Whether it is caring for your puppy through the night, learning how to DIY raw feed your dog, or hitting the backroads of places unknown to you, adventures are adventures, big or small.
Walking your dog from the front door to the car can be a big adventure if you have just the right kind of neighbors.
A trip to a local trail-head, down a washboard road might be all the adventure you want, and your suspension system wants, for a good long while.
Hunting as a means of wild meat for you and your dog, and then learning how to butcher in your garage is days of adventure, and hopefully comes with a great music playlist!
Whatever it is that you want to be doing with your dog, if it is safe, and it is mutual, do it. In my life with my dogs, it is our adventures that bring us closer together, a shared special experience, a newness, a getting to know each other in a different way.
Our time with our dogs on this earth is limited, finite, this is a fact my friends. Waiting for lightening to strike to prompt an adventure is a waste of time. Just like one foot in front of the other and you realize you are walking, so is an adventure.

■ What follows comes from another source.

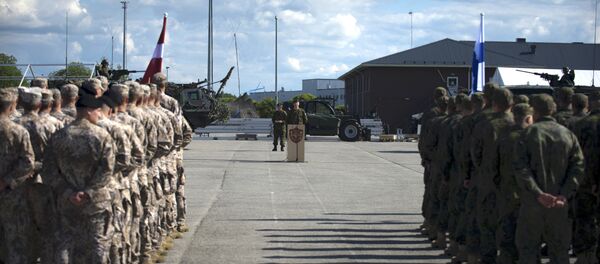 Участники учений НАТО на построении в Тапа Участники учений НАТО на построении в Тапа - Sputnik Latvija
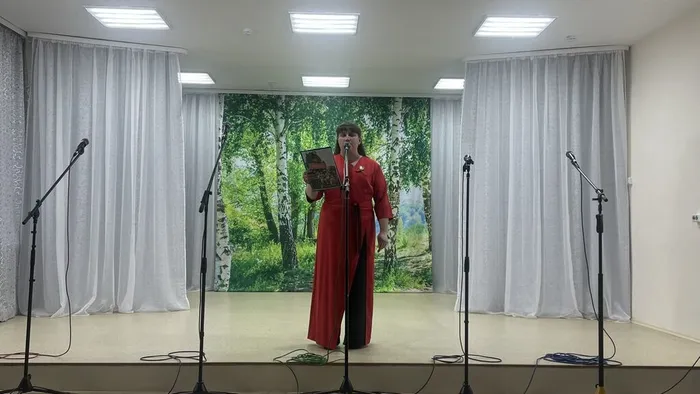 Ведущая концерта Елена Бархатова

I can mark the decades of my life, the mountain ranges I have passed through, and the seemingly endless dirt roads I have walked on, with every single one of my dogs. When I am old and the grass is tall, may these be the memories that fill my day, because truth be told, they are pretty awesome to me.
Here are some tips, in general, when doing something with your dog out of the ordinary from your daily routine –
- When you have a puppy, train for everything all of the time. You aren’t going to know what the next seventeen years has in store for you, so prepare, this opens up so many possibilities, and your puppy deserves your efforts.
- Start whatever it is you want to do in small chunks within your dogs skill level, and build from there. There will not be any great adventure memories if you try to push your dog into a situation clearly over their skill/social level. Remember, just like training is something you do with your dog not too your dog, so are adventures.
- Safe and mutual.
- Correct gear on both ends of the leash.
- And what a great segue for the leash, always have a leash on your dog, or in your hand if you are outdoors on an adventure, period. If the leash is off you are telling the entire world that your dog is under 100% voice control. If you do not have that level of communication yet, it is your responsibility to work towards that and use a leash until you and your dog are ready.
- Food, nourishing and bioavailable food. Adventures usually involve some level of energy output, a little or a lot. What you offer to your dog counts. If you are a canned beans and tortilla kind of budget traveler, that’s your choice, but your dog needs a more nourishing and balanced diet all of the time.
- Understanding your dog as your adventure partner also includes knowing their body language signals, their movement, and their comfort or discomfort.
- You have three brains – your head/logic brain, your heart/emotion brain, and your gut/instinct brain. Adventuring with your dog will require you to rely on your gut feeling, your instincts. Why? Because it is never wrong. But this is going to take some practice, so learn to understand this side of yourself a bit better.